Synopsis: Every Thursday morning for two years in the Islamic Republic of Iran, a bold and inspired teacher named Azar Nafisi secretly gathered seven of her most committed female students to read forbidden Western classics. As Islamic morality squads staged arbitrary raids in Tehran, fundamentalists seized hold of the universities, and a blind censor stifled artistic expression, the girls in Azar Nafisi’s living room risked removing their veils and immersed themselves in the worlds of Jane Austen, F. Scott Fitzgerald, Henry James, and Vladimir Nabokov. In this extraordinary memoir, their stories become intertwined with the ones they are reading. Reading Lolita in Tehran is a remarkable exploration of resilience in the face of tyranny and a celebration of the liberating power of literature.
There are certain books that one comes across their lifetime that are lifechanging in one way or another. For me, this was one of those books. And I believe as of this year I’ve read it twice or three times.

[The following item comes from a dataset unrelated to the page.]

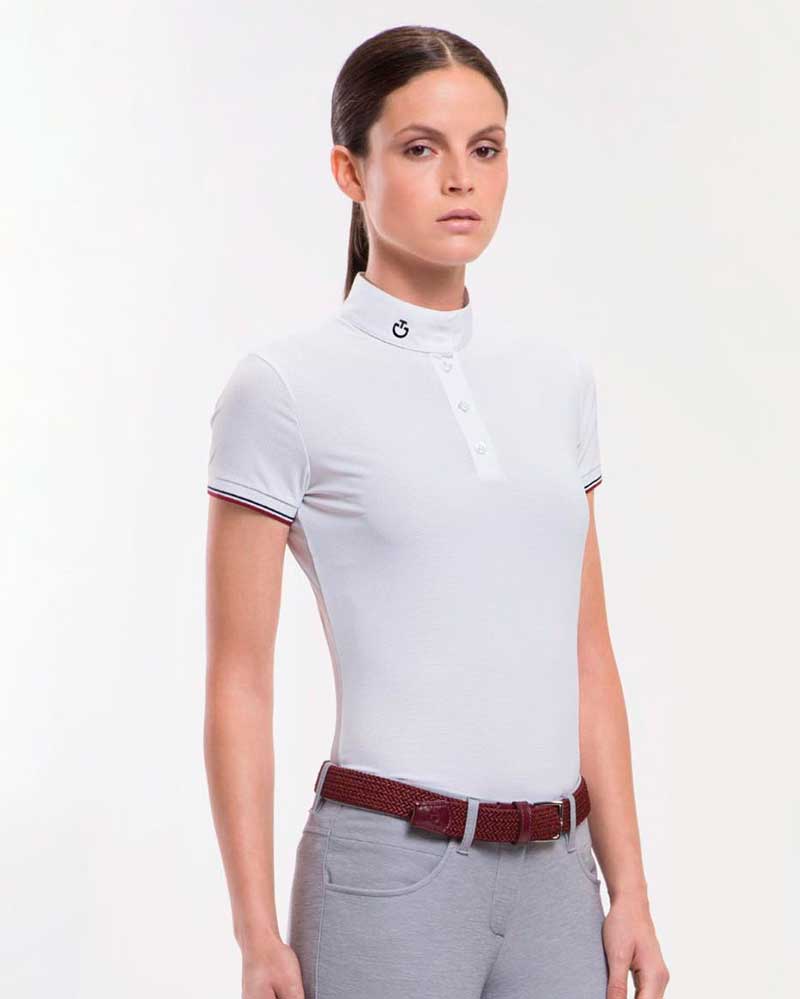 Women’s Short-Sleeve White Micro-Mesh Competition Polo – Cavalleria Toscana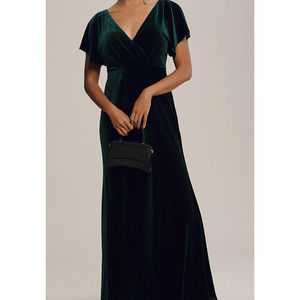 Jenny Yoo Ellis Flutter-Sleeve Open-Back Stretch Velvet Gown size 14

Reading Lolita in Tehran is a book that made me realize several things. When I first read it in 2013 I was 17 years old and even back then an avid reader. Consuming books was my favorite past time. But reading this book changed the way that I read books. What I realized while turning the pages of Nafasi’s life made me realize how much a love a books was entwined with my life. Reading wasn’t just a hobby or a relaxing activity, it was a passion. A love of learning, a love of visiting places I couldn’t go to, and a love of the stories that made me think.
The other thing I realized was that I thoroughly enjoyed analyzing and finding the deeper meanings in the stories I read. I think that this book also made me realize my enjoyment of writing book reviews. Before Nafasi’s book came into my life, I read books often without stopping to think of deeper meanings and comparisons. Occasionally in the past I had, but with Reading Lolita in Tehran I was able to learn how to better step back and slow down in my reading.
Reading Lolita in Tehran is the story about women coming together over a mutual love stories. They risked punishment, imprisonment and the anger of their families all for books. Growing up I heard stories of people who risked such things for religious reasons, but never I had I read anything as inspiring as this. I loved that the group was all women, and admired how they were able to find a sacred space together around a mutual love of literature.
I feel as though most people have heard of this memoir, and there are probably many better reviews of it elsewhere. And this isn’t so much a review as it is a declaration of love and admiration, as well as a thank you to Azar Nafasi. I learned so much from her work, and I shall be forever grateful for her nudge into a deeper love and appreciation of literature. I gave this book five stars on Goodreads.